This habit of observation is one
in which we, as readers, are at home—because the search
for analogies between ourselves and the world is an accustomed
habit of thought. The skill of this poet is to surprise us with
her discovery, and illumination, of the correspondences between
ourselves and the world.
In "Winter Landscape"
the season is abridged in the moving pattern of the geese flying
in formation. "Stone Man" is formalized around two metaphors:
the stone in the mouth, the pearl in the oyster. "Dream"
offers for interpretation the emblem of the broken-winged bird.
This device is elaborated in the love complaint "Season"

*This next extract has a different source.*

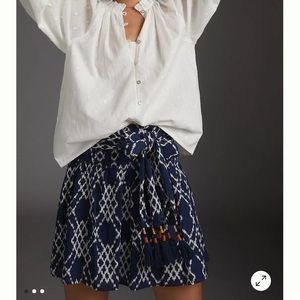 Anthropologie Rimbaud Tie-Waist Mini Skirt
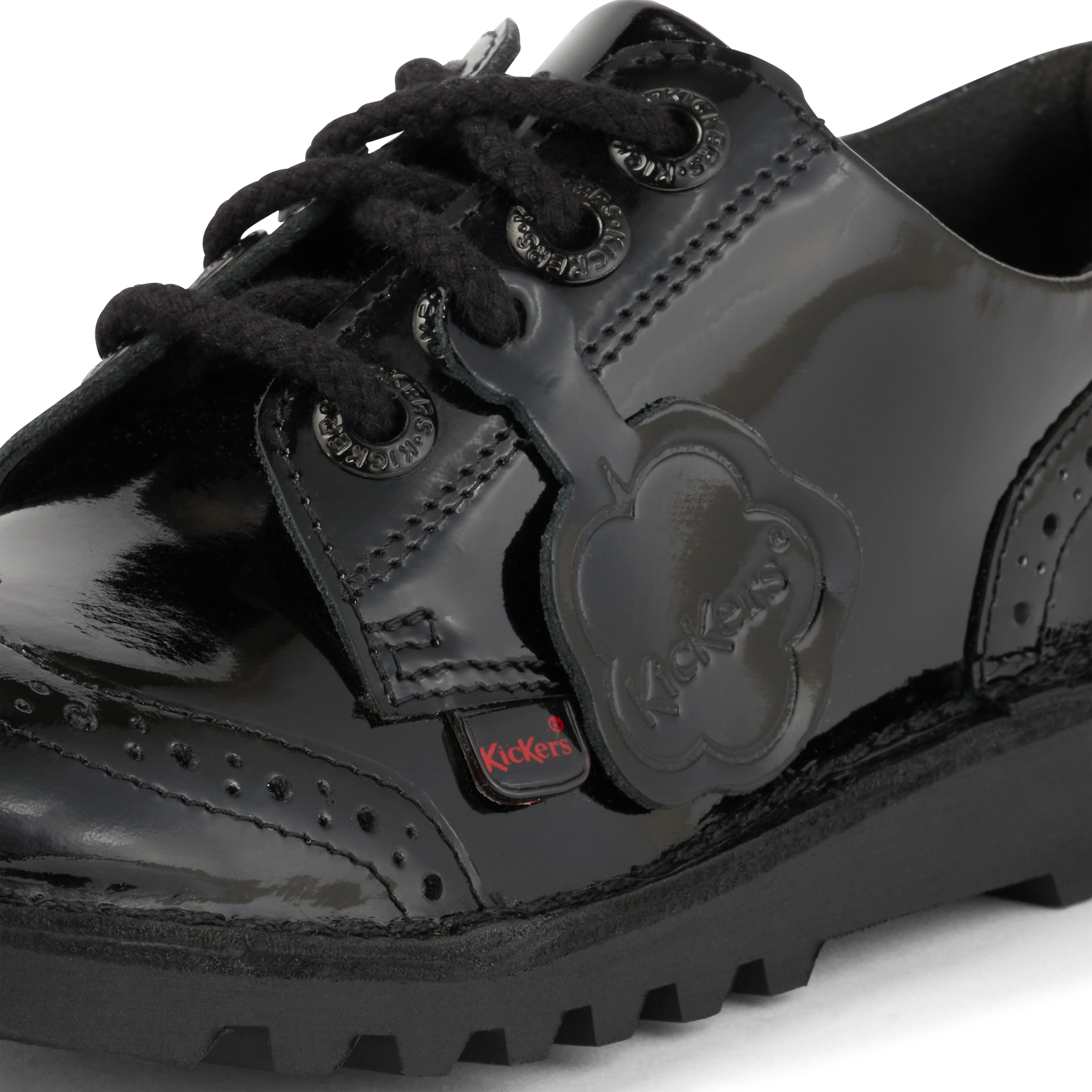Youth Womens Kick Lo Brogue Patent Leather Black - Image 6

where it becomes the tableau of the lover feasting on the heart
of the loving one. The title of the poem divided into four short
lyrical sections, "Meditations in the Grand Style" ironically
invokes the tradition of meditative poetry. These lyrics build
their shapes in space in a kind of suspension of time. Their allusions
to the experience which evoked their meditations are delicately
provocative, so that the reader is not allowed to forget the diurnal
context in which these lovely poems hover.
Some of Zonailo's poems create
a fiction based on personification. This gives them a resonance
beyond the personal occasions which aroused them—it gestures
away from the demotic and confessional. Her poems about the Angel
of Forgetfulness, the Angel of Everyday, and the Angel of Sleeplessness
enlarge and dramatize their subjects. "At the Feet of Chaos"
turns domestic turmoil into a kind of masque of passion, giving
the poem a summary, emblematic brilliance.
The last poem in the collection,
"These Are Women Who Visit Me" is an itemization of
gifts to the poet, from women who have gone before her. Each woman
carries her life story like an attribution which becomes a prelude
to the talismanic thing given. The gifts are intricately wrought
artifacts—the significance of which is not stated; but this
lack of specificity, by allowing for interpretation, invites the
reader into the poem. "These Are Women Who Visit Me"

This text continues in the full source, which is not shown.